### Task statement
Below is a listing with pictures. Repeat exactly the lines starting at the one holding "Golpeó la mesa, se" and going on through the one holding "В Новороссийске оживили", and leave every picture out.

### Input for this task
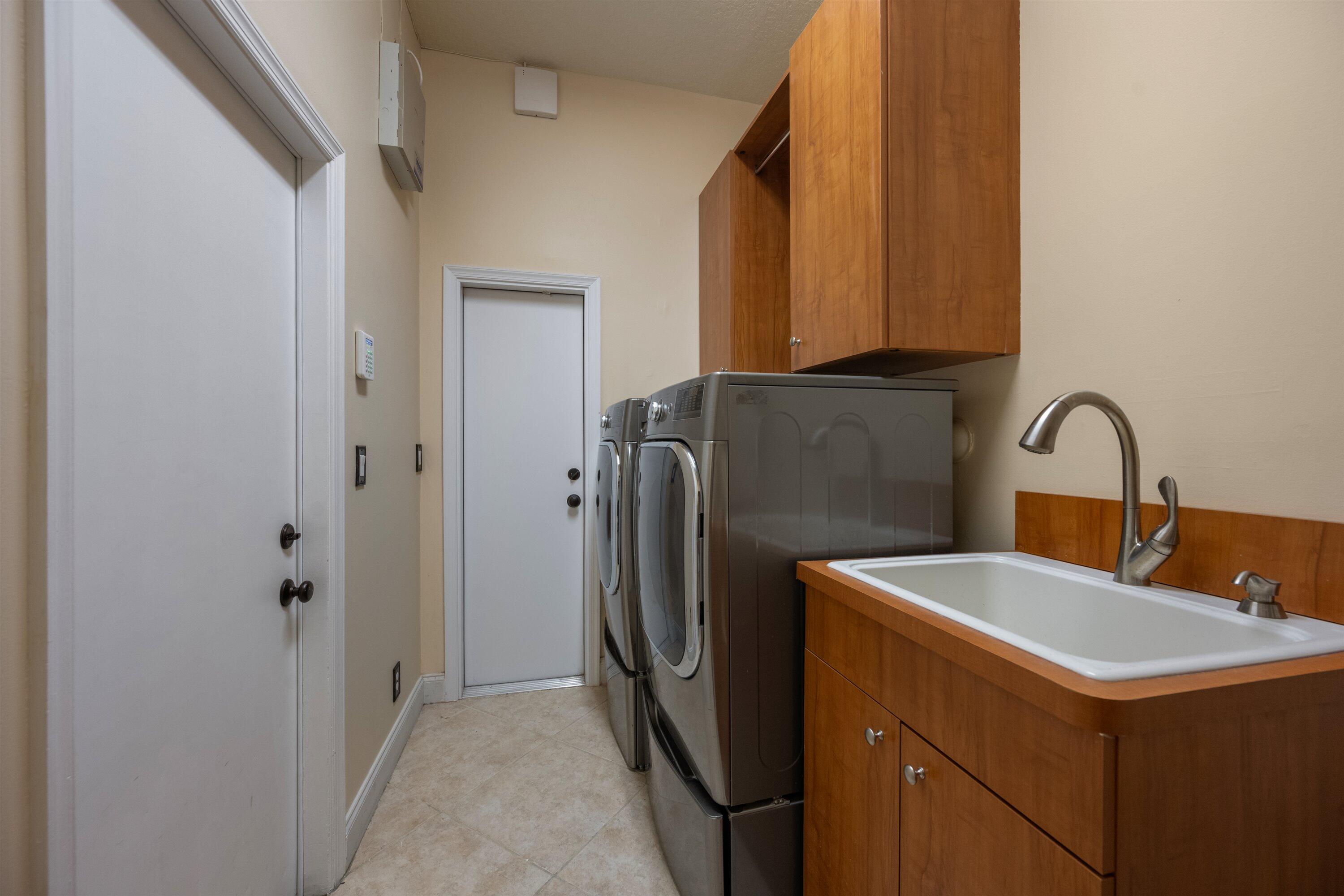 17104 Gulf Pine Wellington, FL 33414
==
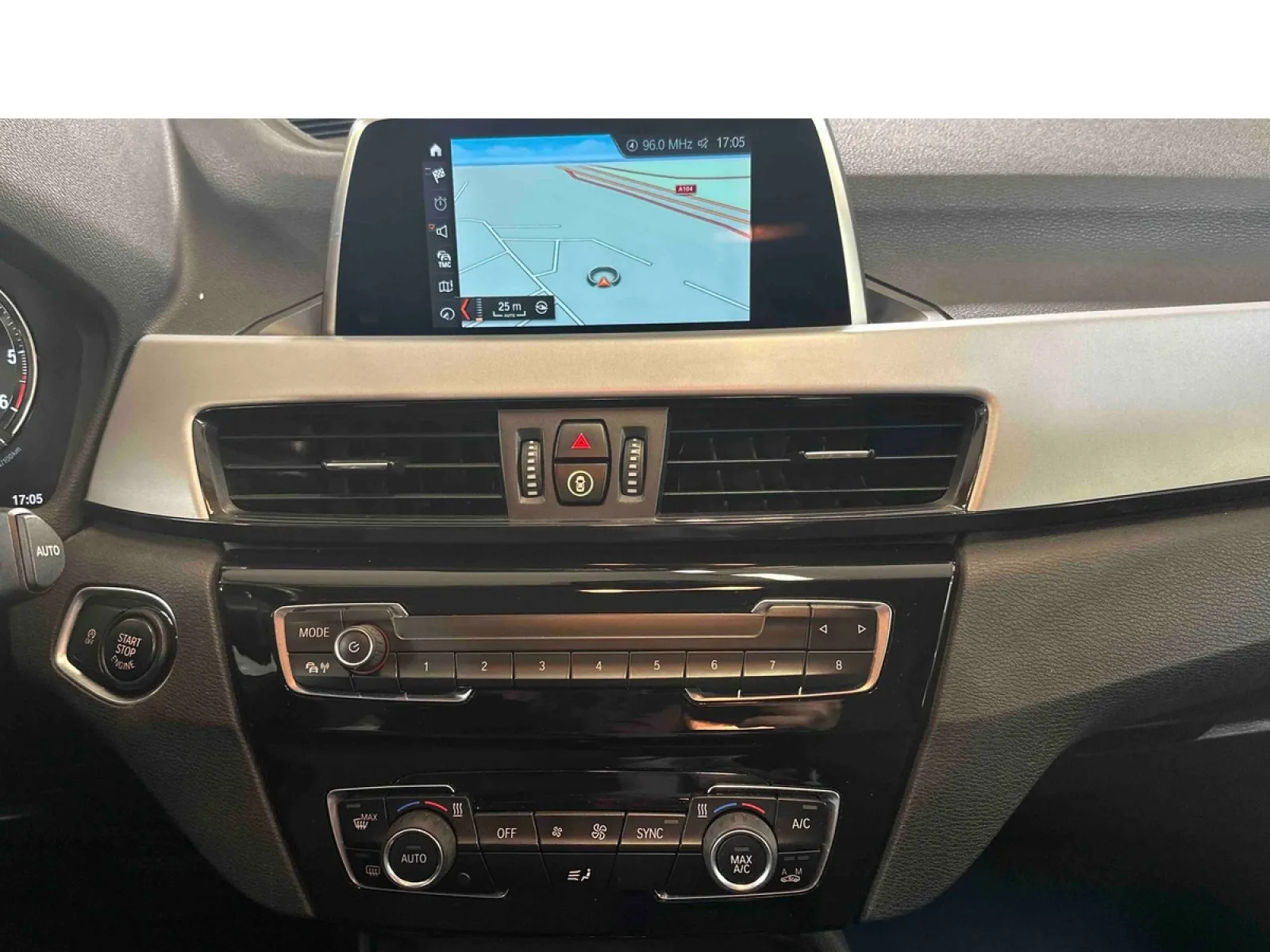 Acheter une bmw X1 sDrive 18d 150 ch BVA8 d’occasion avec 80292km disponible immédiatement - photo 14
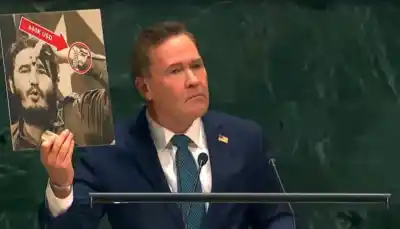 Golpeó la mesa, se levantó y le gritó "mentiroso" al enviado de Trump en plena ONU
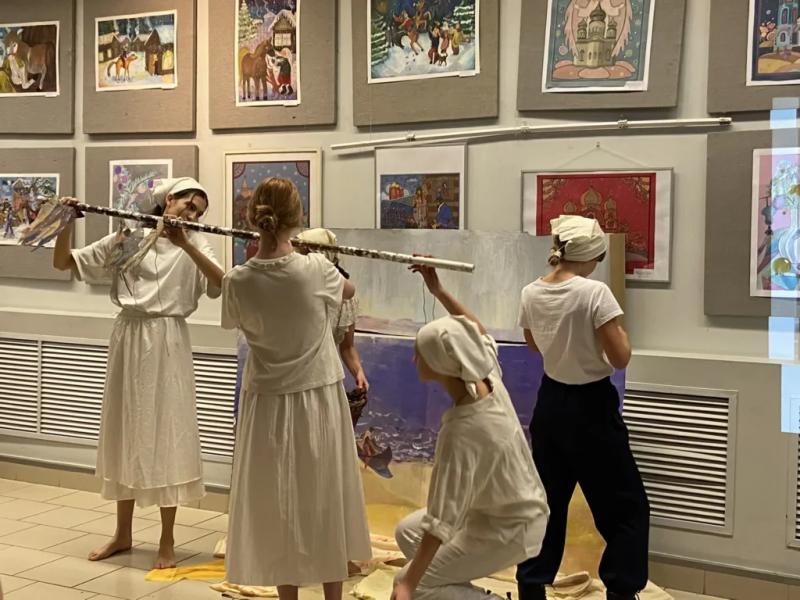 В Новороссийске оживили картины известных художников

### Problem solution
 Golpeó la mesa, se levantó y le gritó "mentiroso" al enviado de Trump en plena ONU
 В Новороссийске оживили картины известных художников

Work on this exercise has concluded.